Others expressed concern that a new city plan might change zoning in residential neighborhoods and affect property values. Persico assured them that the plan would affect only commercial areas of the street.
These suggestions and concerns, as well as others collected at a second meeting last week, will be passed on to the city's Valley Boulevard Steering Committee, Persico said.
Drafting New Plan
The committee is drafting a plan that would help shape development along the three-mile-long section of the boulevard. Under the plan, the city would determine the types of businesses that would be allowed on the boulevard, as well as height and design restrictions.
A building moratorium on Valley Boulevard is in effect until January, when the plan is expected to be finished. But a recent City Council decision allows exemptions if proposed projects comply with the steering committee's preliminary development standards.
Previously, the council had agreed to review exemptions only for projects that had Planning Commission approval before the moratorium was adopted late last year.
The steering committee has adopted tentative guidelines on minimum lot size, building height and floor-area ratios, Persico said.

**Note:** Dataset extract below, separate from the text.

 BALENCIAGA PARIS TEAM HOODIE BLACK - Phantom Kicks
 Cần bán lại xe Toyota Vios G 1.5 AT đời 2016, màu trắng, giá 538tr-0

It is working on such other rules as building design and land use, he said.
Under the new plan, seven categories of use would be allowed along the boulevard, ranging from a financial district to multifamily residential areas, Persico said.
Developers and property owners granted exemptions from the moratorium could build according to the city's preliminary guidelines, Persico said. But he cautioned that there is a risk because final guidelines may be different and compliance might be ordered in the future.
He said, however, that "the chance of there being a problem in the future would be slim."
Exemption applications will be reviewed by the steering committee, City Council, Design Review Board and Planning Commission.
The city is open to suggestions on how development should proceed along the boulevard, Persico said. "Nothing is final at this point."